The Acer has performed well except in two respects:

- The keyboard was starting to fall apart within minutes of taking it out of the box; and

- I never could get the product registered online (it kept rejecting the serial number ... I bought the thing at Wal-Mart and have no reason to think it's a counterfeit).

The keyboard is no big deal for me -- when you have kids and cats around, you expect it, and we can always plug a USB keyboard in as needed -- but it probably would be for someone who carries the thing around for "netbook" type travel use and would rather not have to carry a detached keyboard, too.

Don't know if the Aspire One suffers from the same defect, or even if the defect is endemic to the 5515. I may have just got the one lemon in the bunch.

An alternative to buying a new "netbook" is to grab an old laptop and install a low-demand OS like Puppy Linux on it. It'll get you online, and it will run fast even with an older processor or not a lot of RAM.

That's what I'm doing on my desktop with an obsolete or near-obsolete machine. I realized that most of my stuff is done on the net anyway, and that most of the rest can be done "in the cloud." Machine runs MUCH faster than with one of the newer full-featured OSes. My guess is 8-10 times as fast as it ran with OpenSuse 11.

March 31, 2009 10:57 AM  
Blogger J.D. Tuccille said...

Homeschooling as an excuse to buy gadgets. Hmm ... I like.
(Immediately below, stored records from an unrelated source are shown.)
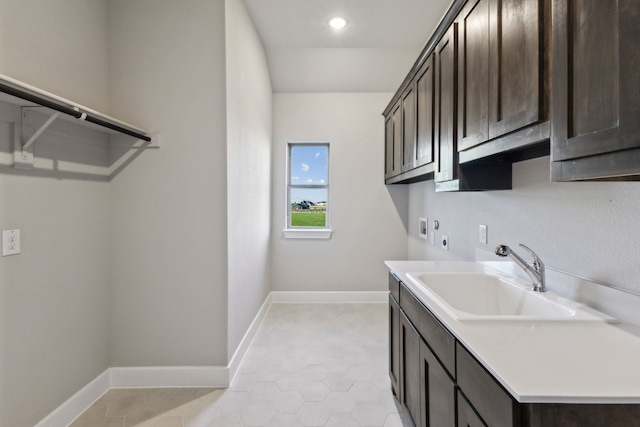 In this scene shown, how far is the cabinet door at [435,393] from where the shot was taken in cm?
106

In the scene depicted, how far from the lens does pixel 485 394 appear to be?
0.82 metres

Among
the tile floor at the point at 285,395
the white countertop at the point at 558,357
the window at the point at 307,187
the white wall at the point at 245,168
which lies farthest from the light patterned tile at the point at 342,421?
the window at the point at 307,187

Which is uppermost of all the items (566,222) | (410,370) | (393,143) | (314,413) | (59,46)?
(59,46)

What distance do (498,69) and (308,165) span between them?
3084 millimetres

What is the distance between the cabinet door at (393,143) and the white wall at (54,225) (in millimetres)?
2497

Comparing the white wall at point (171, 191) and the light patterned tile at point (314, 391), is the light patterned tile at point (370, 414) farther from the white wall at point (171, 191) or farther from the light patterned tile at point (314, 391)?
the white wall at point (171, 191)

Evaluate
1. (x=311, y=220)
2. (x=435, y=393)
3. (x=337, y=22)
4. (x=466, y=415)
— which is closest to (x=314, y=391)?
(x=435, y=393)

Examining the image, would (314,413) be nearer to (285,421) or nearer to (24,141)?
(285,421)

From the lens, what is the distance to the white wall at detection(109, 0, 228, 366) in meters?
2.16

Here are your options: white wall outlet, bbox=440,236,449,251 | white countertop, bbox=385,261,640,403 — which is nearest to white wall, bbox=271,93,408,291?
white wall outlet, bbox=440,236,449,251

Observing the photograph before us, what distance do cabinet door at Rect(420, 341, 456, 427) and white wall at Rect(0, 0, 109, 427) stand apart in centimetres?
193

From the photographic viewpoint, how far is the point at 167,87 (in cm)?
217

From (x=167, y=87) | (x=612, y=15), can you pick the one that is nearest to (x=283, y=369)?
(x=167, y=87)

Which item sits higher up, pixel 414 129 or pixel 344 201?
pixel 414 129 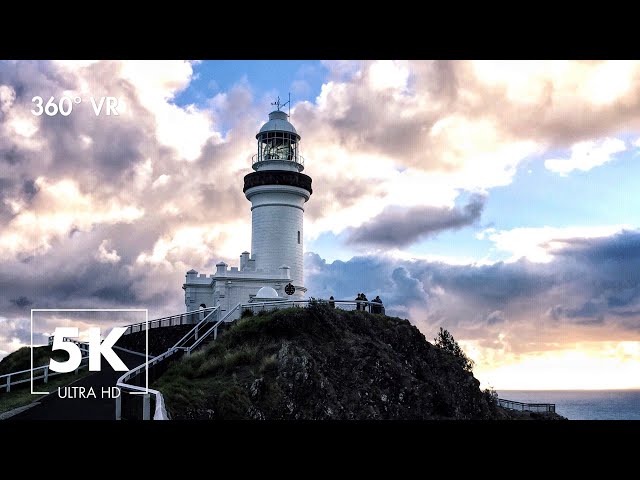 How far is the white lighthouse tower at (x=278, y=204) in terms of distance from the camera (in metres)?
36.0

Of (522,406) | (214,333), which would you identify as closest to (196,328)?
(214,333)

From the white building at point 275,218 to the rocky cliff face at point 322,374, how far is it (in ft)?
25.2

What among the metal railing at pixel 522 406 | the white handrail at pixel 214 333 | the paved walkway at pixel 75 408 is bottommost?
the metal railing at pixel 522 406

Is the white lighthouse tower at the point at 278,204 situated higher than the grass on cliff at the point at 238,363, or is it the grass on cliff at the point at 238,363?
the white lighthouse tower at the point at 278,204

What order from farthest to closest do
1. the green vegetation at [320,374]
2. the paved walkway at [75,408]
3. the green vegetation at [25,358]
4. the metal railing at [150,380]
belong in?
1. the green vegetation at [25,358]
2. the green vegetation at [320,374]
3. the paved walkway at [75,408]
4. the metal railing at [150,380]

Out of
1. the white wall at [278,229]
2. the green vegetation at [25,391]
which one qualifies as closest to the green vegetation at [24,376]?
the green vegetation at [25,391]

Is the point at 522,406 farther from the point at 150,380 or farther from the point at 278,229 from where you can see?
the point at 150,380

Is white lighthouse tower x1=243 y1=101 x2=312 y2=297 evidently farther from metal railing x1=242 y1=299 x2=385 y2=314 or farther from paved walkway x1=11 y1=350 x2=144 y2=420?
paved walkway x1=11 y1=350 x2=144 y2=420

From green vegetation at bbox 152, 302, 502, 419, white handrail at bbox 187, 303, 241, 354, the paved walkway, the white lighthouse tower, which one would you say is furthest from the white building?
the paved walkway

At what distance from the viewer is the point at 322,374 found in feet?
76.8

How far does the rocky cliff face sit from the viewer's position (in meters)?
20.7

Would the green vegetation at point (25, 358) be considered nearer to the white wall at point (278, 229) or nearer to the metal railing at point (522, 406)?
the white wall at point (278, 229)
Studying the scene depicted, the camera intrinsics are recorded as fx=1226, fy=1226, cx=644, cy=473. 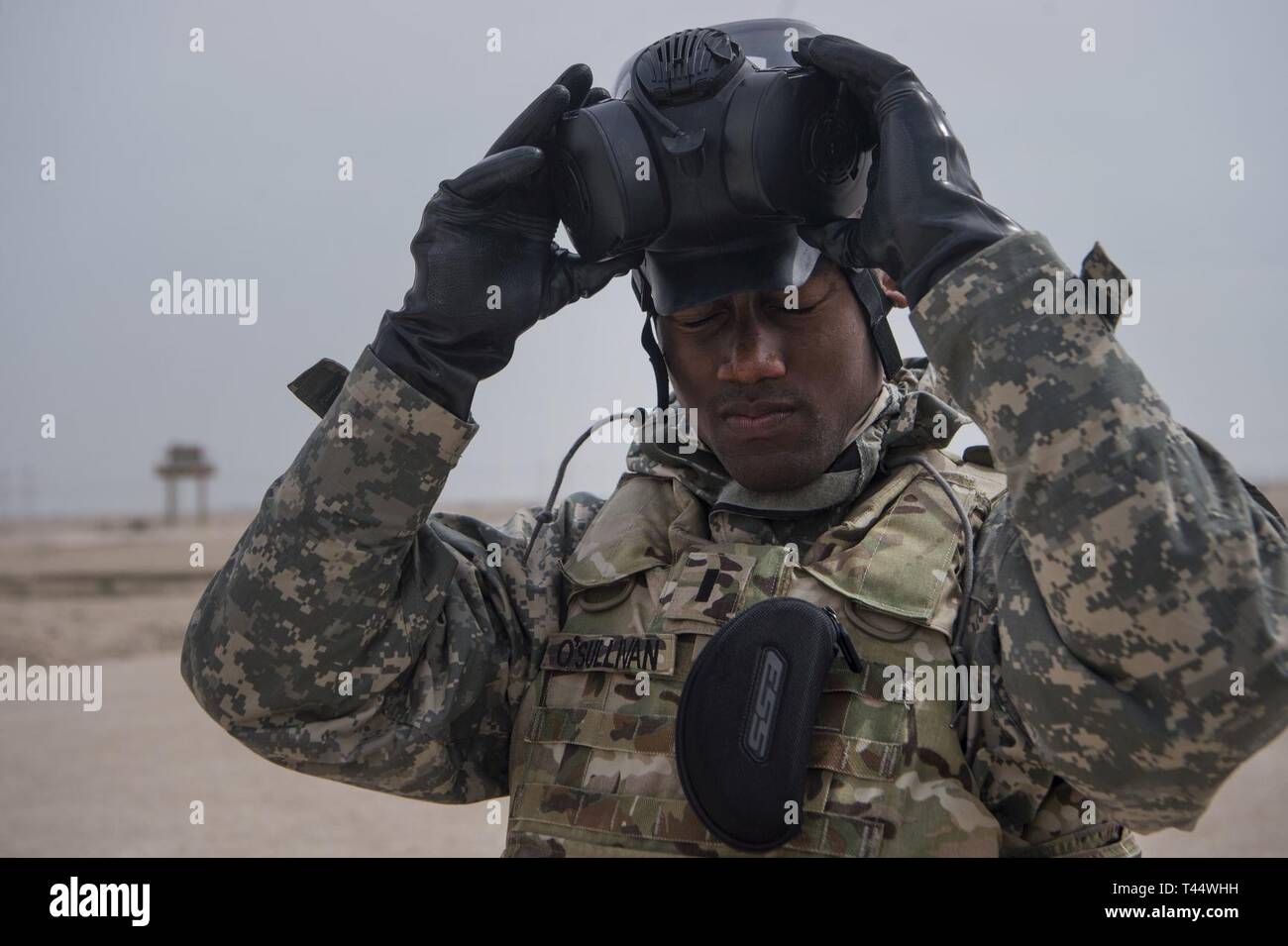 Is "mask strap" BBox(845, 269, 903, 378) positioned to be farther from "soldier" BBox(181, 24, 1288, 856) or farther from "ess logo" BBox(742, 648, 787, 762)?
"ess logo" BBox(742, 648, 787, 762)

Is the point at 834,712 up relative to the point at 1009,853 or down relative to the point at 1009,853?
up

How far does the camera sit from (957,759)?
2.54 metres

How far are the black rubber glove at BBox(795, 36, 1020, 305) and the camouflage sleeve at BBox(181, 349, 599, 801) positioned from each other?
3.33 feet

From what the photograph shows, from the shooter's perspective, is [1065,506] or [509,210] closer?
[1065,506]

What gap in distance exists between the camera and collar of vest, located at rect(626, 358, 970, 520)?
3.03m

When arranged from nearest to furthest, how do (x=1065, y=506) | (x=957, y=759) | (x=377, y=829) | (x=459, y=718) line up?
(x=1065, y=506), (x=957, y=759), (x=459, y=718), (x=377, y=829)

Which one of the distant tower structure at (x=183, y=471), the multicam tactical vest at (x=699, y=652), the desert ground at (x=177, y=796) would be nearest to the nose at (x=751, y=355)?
the multicam tactical vest at (x=699, y=652)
Thanks all of you for the feedback. I'm leaning toward the Asus Eee PC 901, but I haven't made a decision yet.

March 31, 2009 12:48 PM  
Blogger David said...

My 17 year old son got an eePC (the Windows version) for Christmas and uses it constantly, or whenever he's not texting on the stupid cell phone. He appears quite happy with it, but the one time I tried to edit one of his school papers on it I found it nearly impossible to touch-type using its reduced-size keyboard. It is tiny, has all the big PC bells and whistles, and is a "home run" for portability and battery life, but before you get one, test drive the heck out of the demo unit at a store to make sure you think you can adjust to the keyboard (my son says it's no big deal, he adjusted just fine).